(Saved entries)
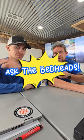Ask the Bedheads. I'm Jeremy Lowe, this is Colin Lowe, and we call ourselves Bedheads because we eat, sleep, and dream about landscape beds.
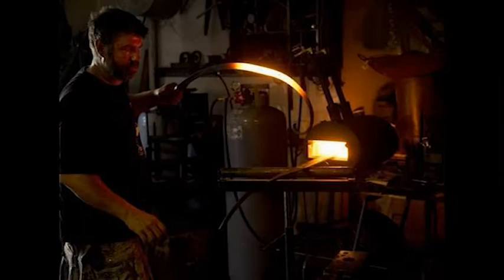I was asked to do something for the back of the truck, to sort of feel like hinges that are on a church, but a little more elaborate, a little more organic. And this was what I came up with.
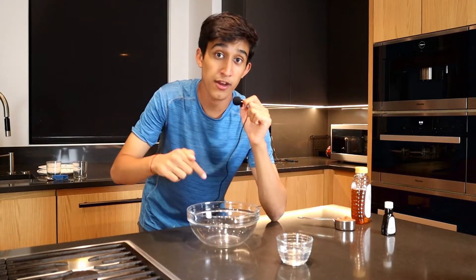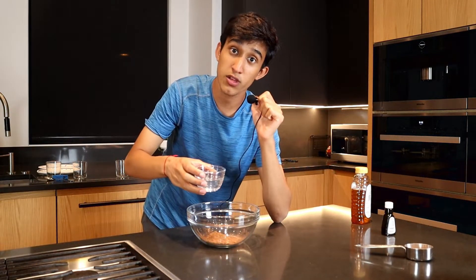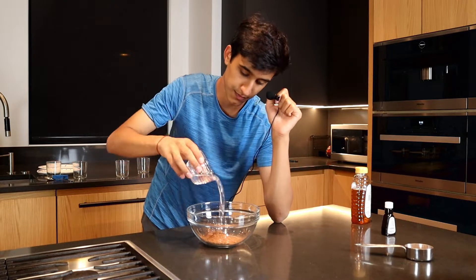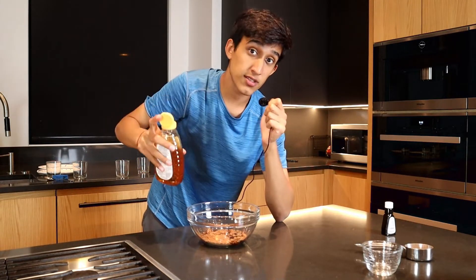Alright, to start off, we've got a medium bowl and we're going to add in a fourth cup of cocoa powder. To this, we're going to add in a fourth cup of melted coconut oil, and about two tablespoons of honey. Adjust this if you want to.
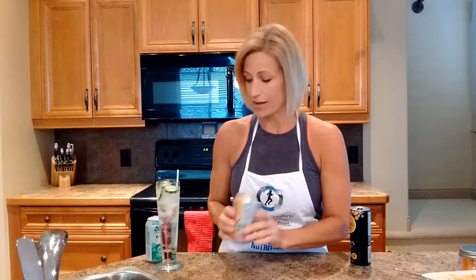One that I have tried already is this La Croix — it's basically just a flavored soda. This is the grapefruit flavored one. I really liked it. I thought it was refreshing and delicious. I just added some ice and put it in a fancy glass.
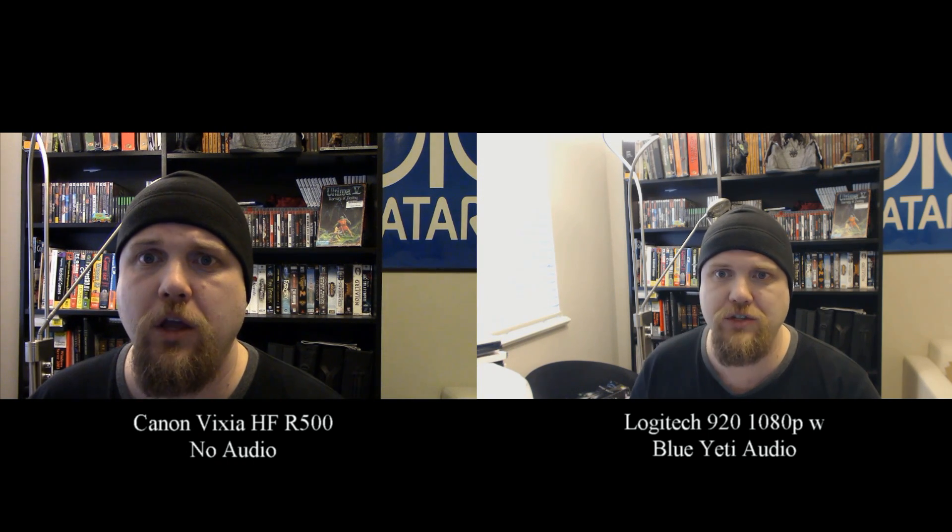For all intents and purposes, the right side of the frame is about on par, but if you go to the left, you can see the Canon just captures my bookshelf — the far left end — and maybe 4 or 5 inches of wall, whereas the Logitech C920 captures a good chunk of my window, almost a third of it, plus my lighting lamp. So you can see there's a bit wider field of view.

[WORK REQUEST]
The records above are to be retyped exactly, with every picture left out.

[RESPONSE BELOW]
Ask the Bedheads. I'm Jeremy Lowe, this is Colin Lowe, and we call ourselves Bedheads because we eat, sleep, and dream about landscape beds.
I was asked to do something for the back of the truck, to sort of feel like hinges that are on a church, but a little more elaborate, a little more organic. And this was what I came up with.
Alright, to start off, we've got a medium bowl and we're going to add in a fourth cup of cocoa powder. To this, we're going to add in a fourth cup of melted coconut oil, and about two tablespoons of honey. Adjust this if you want to.
One that I have tried already is this La Croix — it's basically just a flavored soda. This is the grapefruit flavored one. I really liked it. I thought it was refreshing and delicious. I just added some ice and put it in a fancy glass.
For all intents and purposes, the right side of the frame is about on par, but if you go to the left, you can see the Canon just captures my bookshelf — the far left end — and maybe 4 or 5 inches of wall, whereas the Logitech C920 captures a good chunk of my window, almost a third of it, plus my lighting lamp. So you can see there's a bit wider field of view.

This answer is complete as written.